#### TASK OBJECTIVE:
Below are records with pictures. Transcribe exactly, and only, the lines from the line with "Awesome South Africa" to the line with "Kuplung rugó készlet TRW MEF310-5", both ends included, but not the pictures.

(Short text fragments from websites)
_ _ _ _ _ _ _

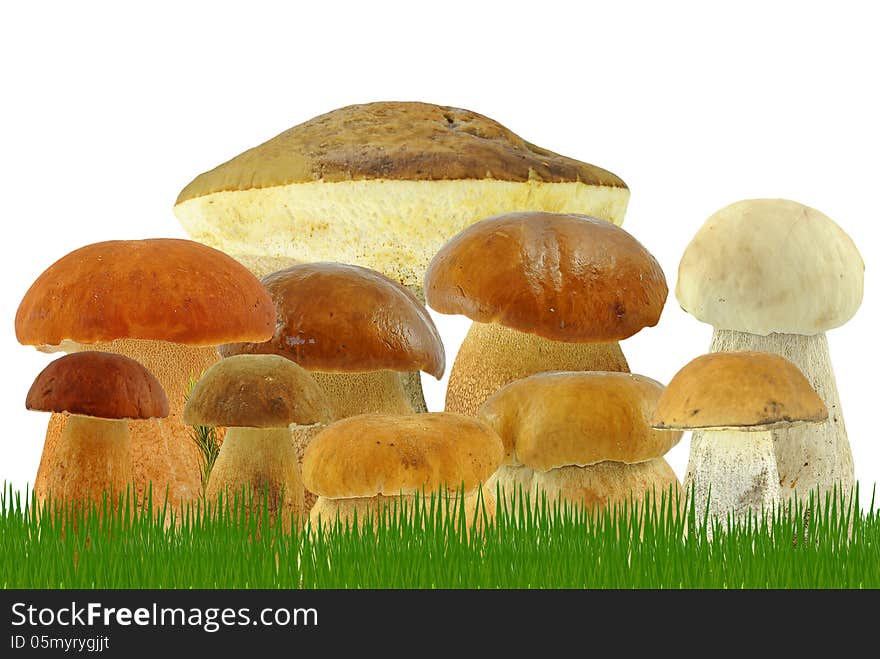 Mushrooms In The Grass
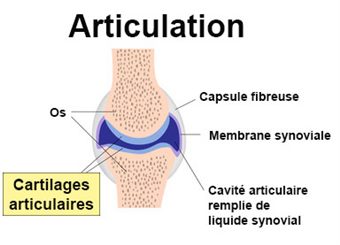 cartilages articulaires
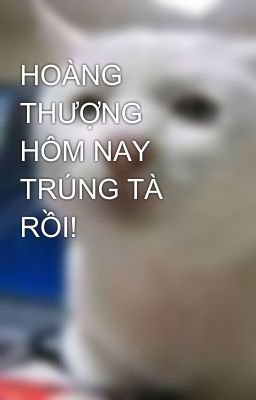 HOÀNG THƯỢNG HÔM NAY TRÚNG TÀ RỒI!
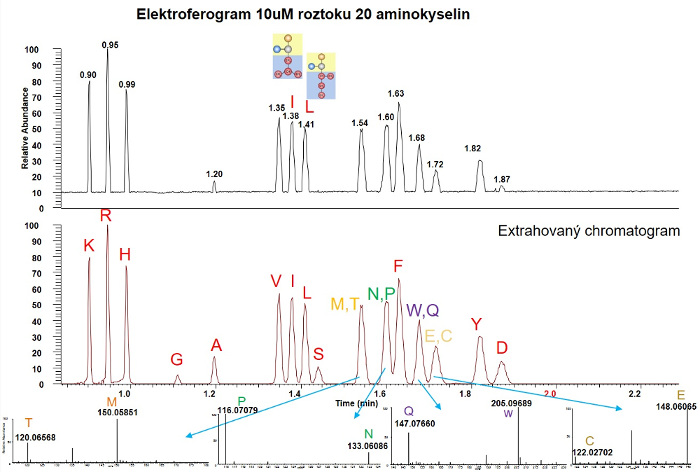 Obr. 5: Elektroforegram 20 aminokyslin, 2-minutová analýza s HRMS identifikací.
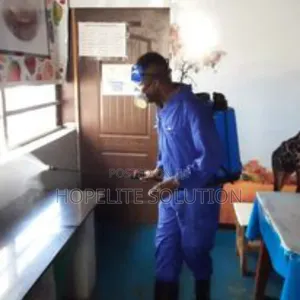 Deep Fumigation Service in Thika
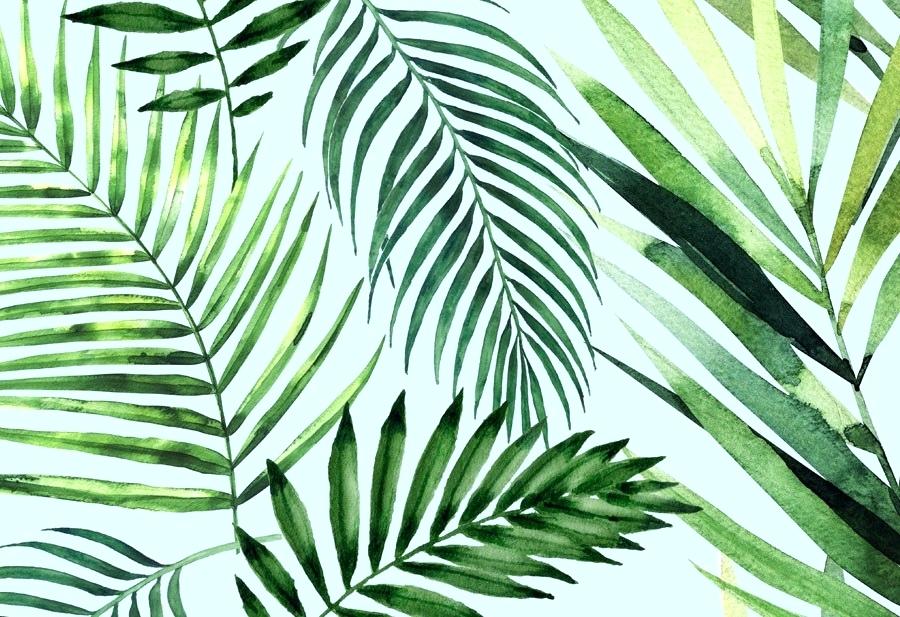 Detail Tropical Tumblr Wallpaper Nomer 7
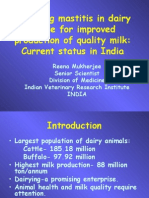 Managing Mastitis in Dairy Cattle For Improved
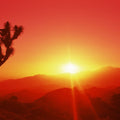 Desert Flame Joshua Tree Mural Wallpaper - pure wallpaper artwork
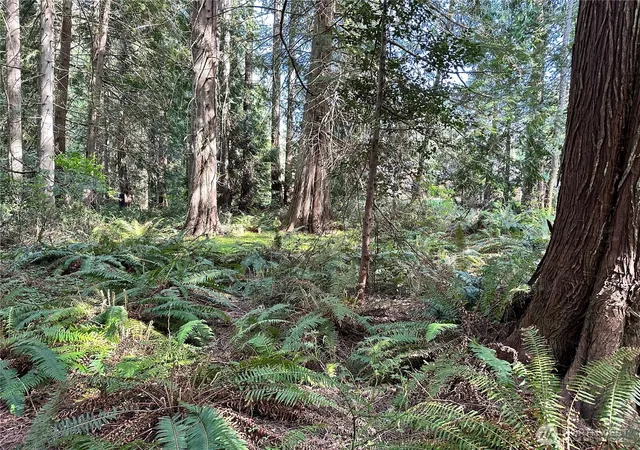 Photo 4 of Land for sale at 0 NW Lot 31 Lakeness, Poulsbo, WA 98370 | MLS# NWM2521026 | Listing updated on 2026-09-21
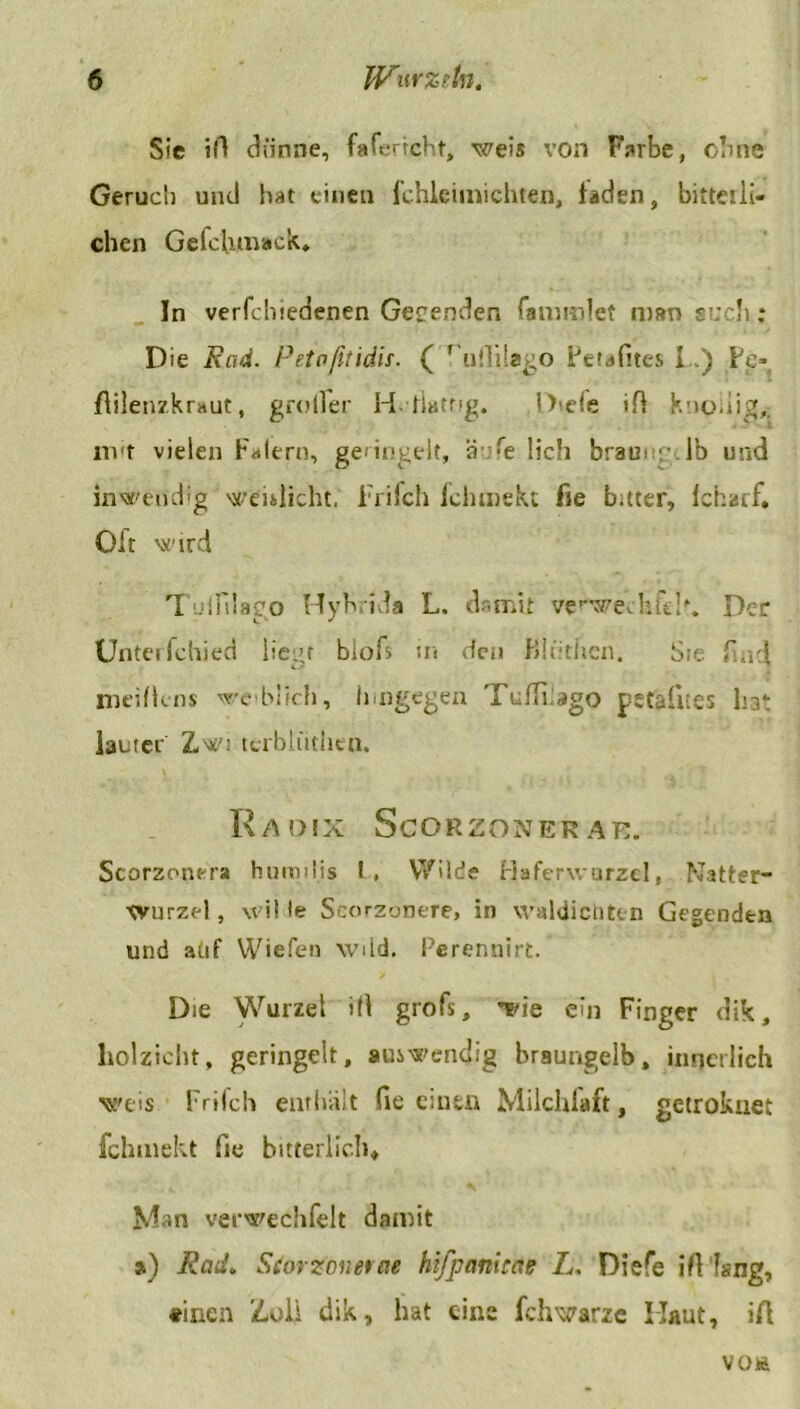 Sie iA dünne, fafertcht, weis von Farbe, ebne Geruch und hat einen fchleiinichten, faden, bitteiii- chen GefcUnutck» In verfchtedenen Gebenden fammlet man such; Die Rad. Petoßtidis. ( 'uflilago Fetafites I) Fe» flilenzkraut, greller H-liattig. Dtefe ift knollig,, mit vielen Fatern, geringelt, ä lieh bräunt’-lb und inwendig weitlicht. Frifch fchtnekt fie bitter, fcharf. Oft wird 'I uiniaeo HybrJda L. damit verwe,hft!\ Der Unterfchied Mein biofs in de» Pdüthen. Sie fad nieiücns we blicli, hingegen Tuffkago petafltes ha* lauter Zw: n-rblütiien. Radix Scorzonerae. Scorzonera hurnil.is l, Wilde Haferwurzcl, Natter- tvurzel, wille Scorzonere, in waldiclitin Gegenden und auf Wiefen wdd. Perennirt. Die Wurzel i(l grofs, T^ie ein Finger dik, holzicht, geringelt, auswendig braungelb, innerlich weis Frilch enthält fie einen Milchfaft, getrokuet fchtnekt fie bitterlich* Man verwechfelt damit *) Rad. Scor zonerae hifpanitae L. Diefe iftlsng, «inen Zoll dik, hat eine fchwarze Maut, iA VOüt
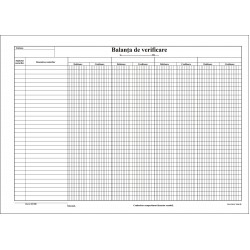 Balanta de verificare A3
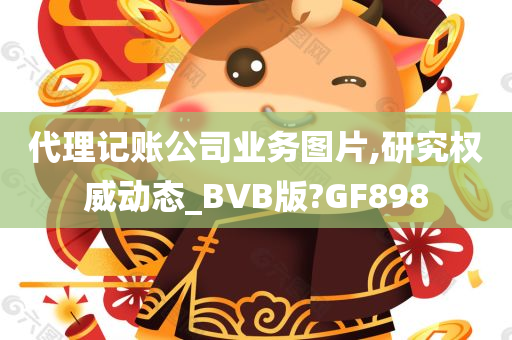 代理记账公司业务图片,研究权威动态_BVB版?GF898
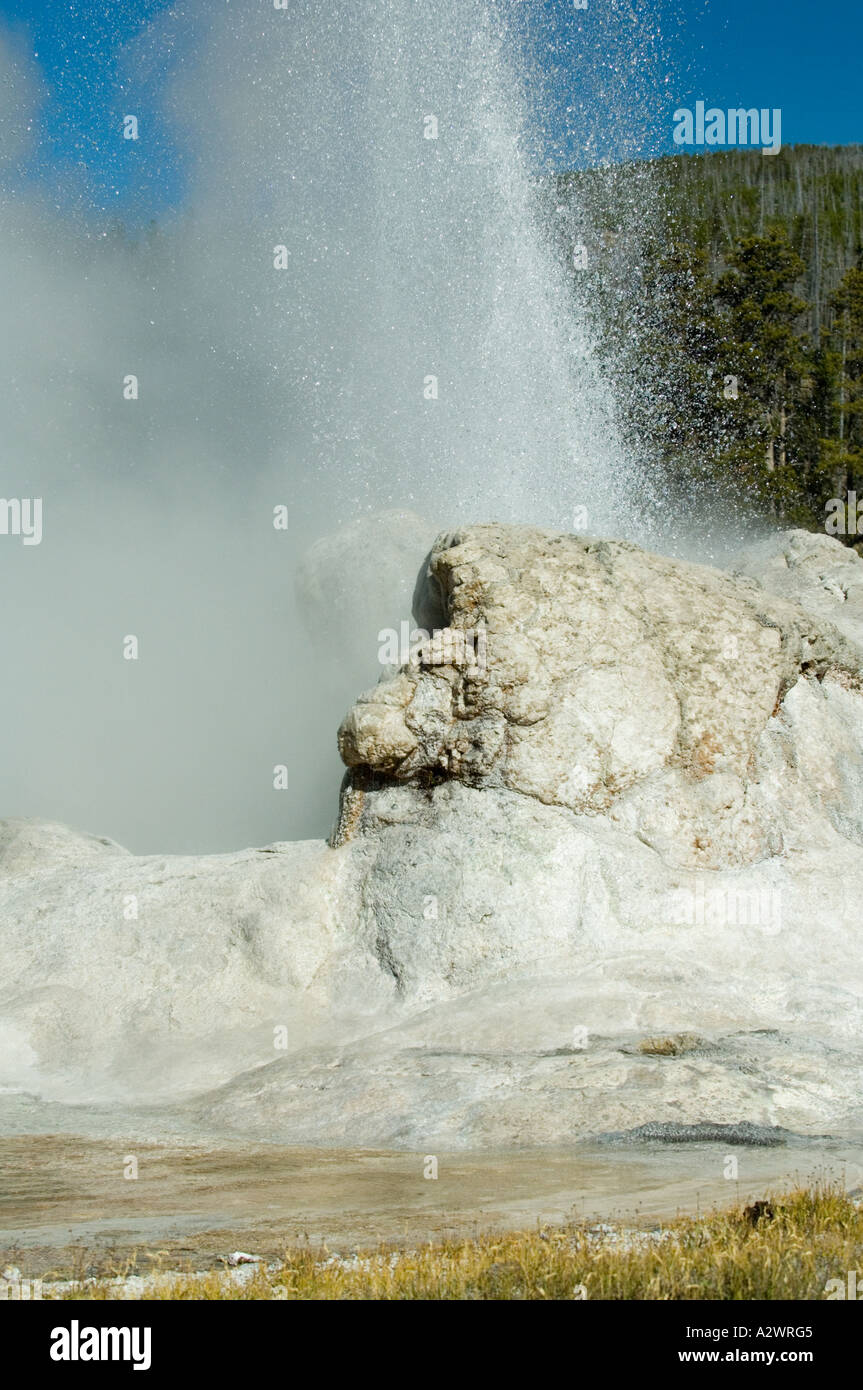 Castle Geyser, Upper Geyser Basin, Parc National de Yellowstone, Wyoming, USA Banque D'Images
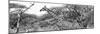 Awesome South Africa Collection Panoramic - Giraffe Kruger Park B&W-Philippe Hugonnard-Mounted Photographic Print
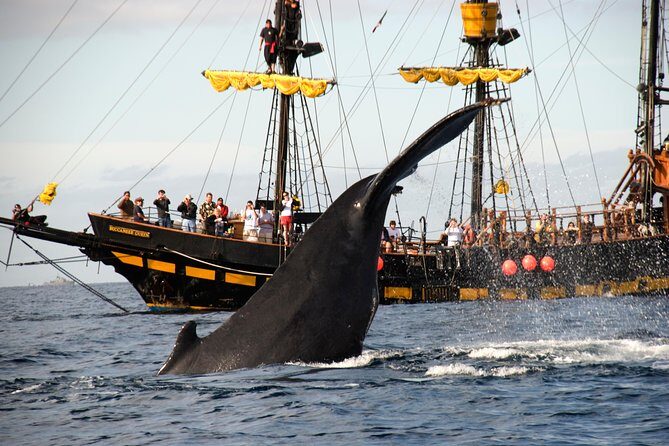 Whale-Watching Pirate Ship Cruise in Los Cabos - The Cruise Route: Lover’s Beach, the Arch, and a Sea Lion Area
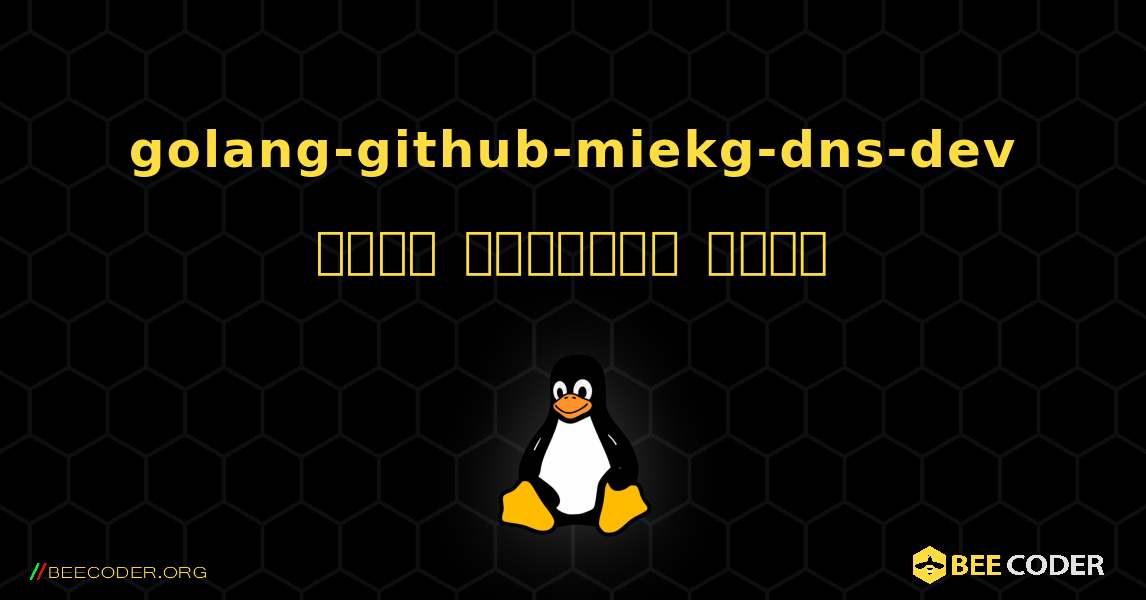 golang-github-miekg-dns-dev  कैसे स्थापित करें. Linux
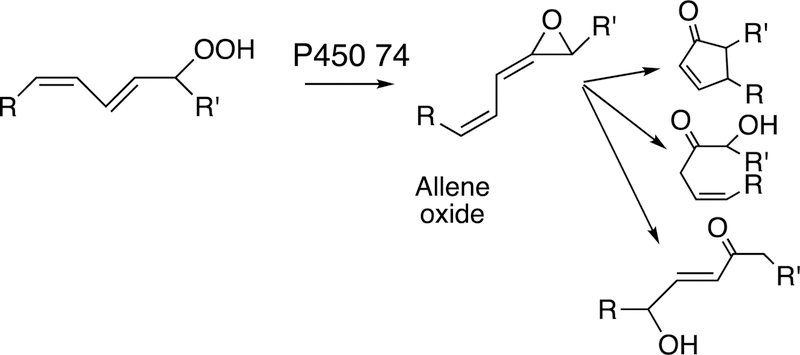 Figure 32.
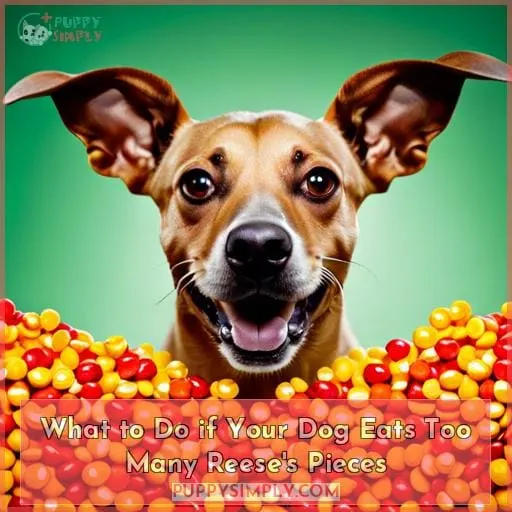 What to Do if Your Dog Eats Too Many Reese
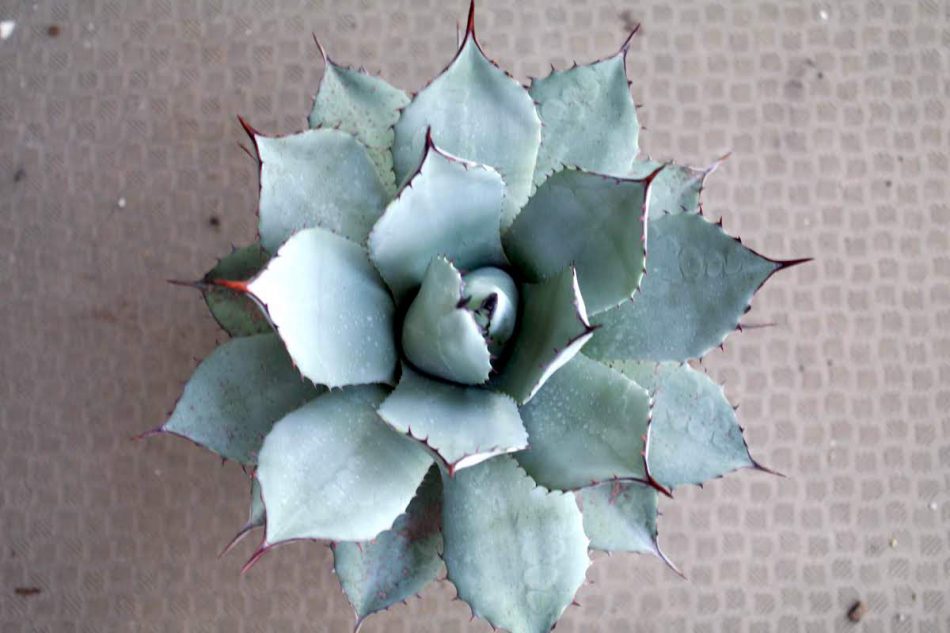 アガベ・吉祥天（Agave parryi）の紹介・育て方 – ゆるぷ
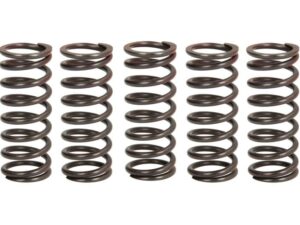 Kuplung rugó készlet TRW MEF310-5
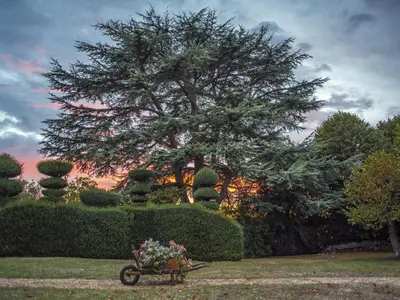 Jardin de l'établissement Maison de caractère avec jardin, climatisation et vélos près d'Amboise - FR-1-381-357
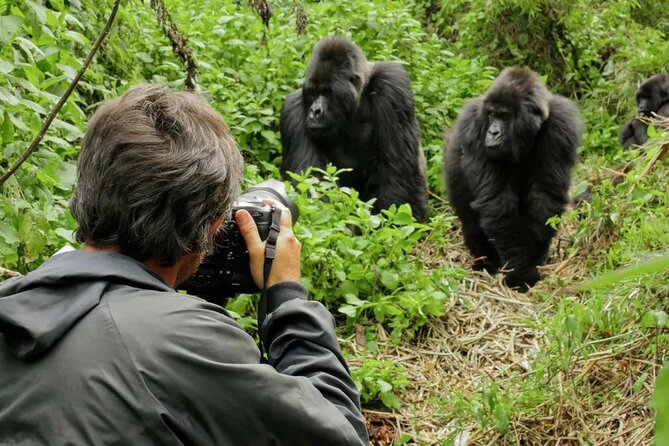 3 Day Uganda Gorilla Trekking and Batwa Pygmies Experience - Is $1,860 a fair price?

_ _ _ _ _ _ _

#### ANSWER SECTION:
 Awesome South Africa Collection Panoramic - Giraffe Kruger Park B&W-Philippe Hugonnard-Mounted Photographic Print
 Whale-Watching Pirate Ship Cruise in Los Cabos - The Cruise Route: Lover’s Beach, the Arch, and a Sea Lion Area
 golang-github-miekg-dns-dev  कैसे स्थापित करें. Linux
 Figure 32.
 What to Do if Your Dog Eats Too Many Reese
 アガベ・吉祥天（Agave parryi）の紹介・育て方 – ゆるぷ
 Kuplung rugó készlet TRW MEF310-5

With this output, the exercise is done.